Un romanzo contro l'oscurantismo e le assurdità di tutti i regimi

Un anno di celebrazioni dell'autrice ungherese tra libri e convegni

Un romanzo contro l'oscurantismo e le assurdità di tutti i regimi

Un anno intero di congressi, incontri, tavole rotonde per celebrare la grandezza di Magda Szabó, tra le più grandi scrittrici europee del '900. Rimasta vittima dell'oscurantismo sovietico, regime che ha combattuto in tutti i suoi romanzi e racconti con quella «grazia decisa» che solo le donne possiedono, ora sta iniziando a essere conosciuta da sempre più numerosi lettori italiani.

Grazie alla sua scrittura e alla capacità di rendere ogni episodio della propria vita, anche quello in apparenza più insignificante, metafora di una lotta esistenziale contro il totalitarismo comunista. E anche grazie alla casa editrice Anfora di Monika Szilagyi, che ha in catalogo quasi tutti i libri della Szabó: in uscita, con una nuova veste grafica Abigail e i racconti inediti e L'Affresco, pubblicati in collaborazione con il Consolato Ungherese Italiano, che ha contribuito anche a molti degli incontri dedicati alla scrittrice ungherese ad oggi più tradotta nel mondo.

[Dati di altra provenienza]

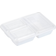 Good Cook Meal Prep 3 Compartment Food Container 10pcs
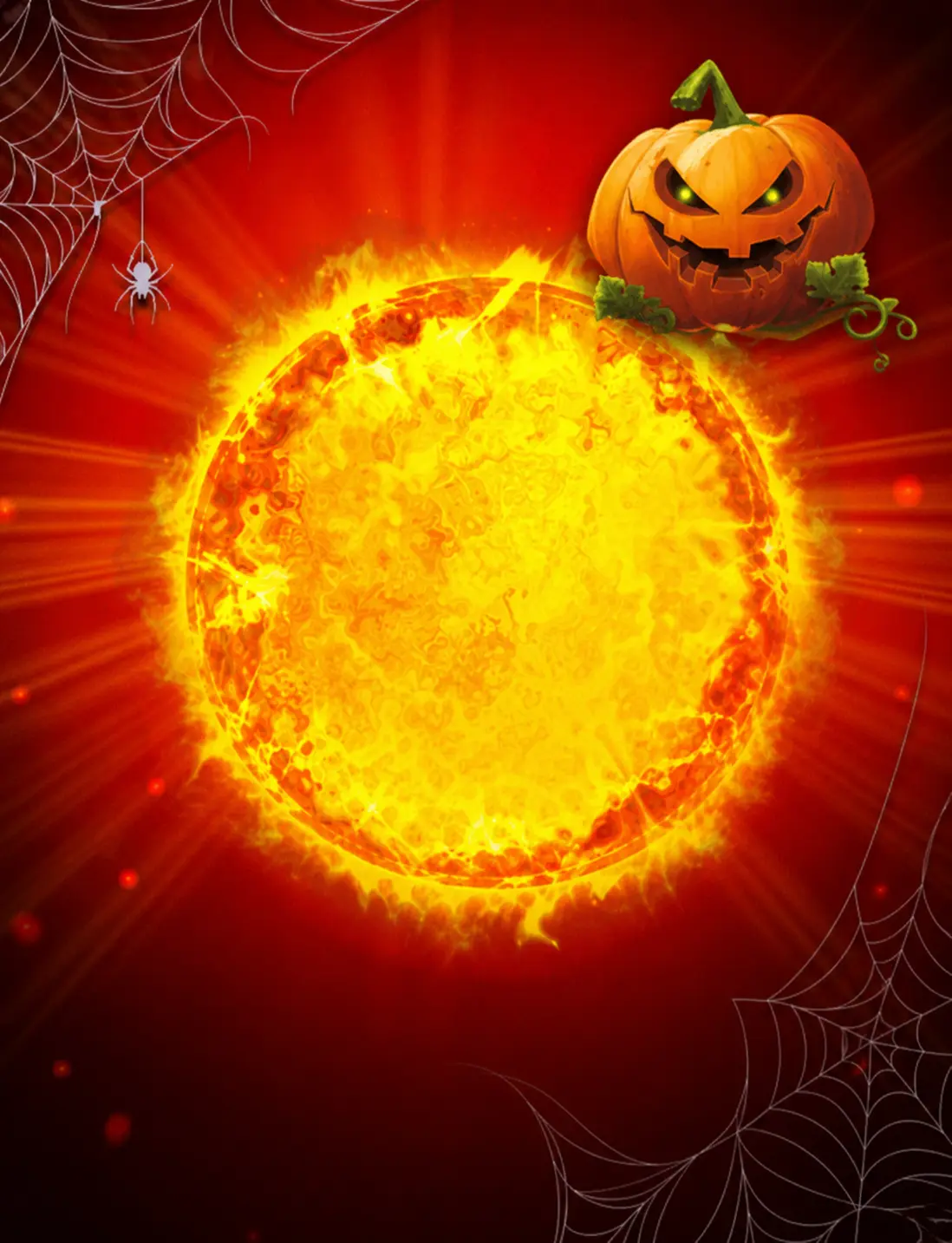 Burning Stars 3 Halloween by Voltent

E proprio da Abigail pubblichiamo in anteprima esclusiva un saggio della stessa Magda Szabó. Un affresco non si può che chiamarlo così data la maestria - perfettamente riuscito sulle assurdità delle dittature del Novecento. Perché al registro drammatico che caratterizza tutto il racconto, la Szabó riesce nell'opera più difficile per una scrittrice che vive in un regime: prendersene beffe. E così ci imbattiamo in scene comiche, d'ironia irraggiungibile (se pensiamo ai tempi e alla situazione): la vita quotidiana a scuola solo apparentemente normale, l'improvviso annuncio dell'invasione di Hitler (appresa dalla scrittrice durante un pranzo rivelatore), le diplomande costrette a fare l'esame di maturità in alta uniforme tedesca (per sentire ancora più inutile il proprio Paese).

Una violenza più psicologica che fisica: il non aver nessuna notizia di quel accadeva dentro e fuori dall'Ungheria, l'obbedire a ordini apparentemente insensati. Essere invasi nei territori e nelle coscienze quasi senza sapere perché. E la difesa. L'unica difesa possibile: «Una reazione ritardata» la chiama la Szabó.

Quella dei «ricordi». Mettere nero su bianco, il nero dell'inferno stemperato di una dittatura comunista, che forse ancor più di quella nazista, sembra aver obbedito in silenzio. Non cedendo le armi, ma la propria dignità.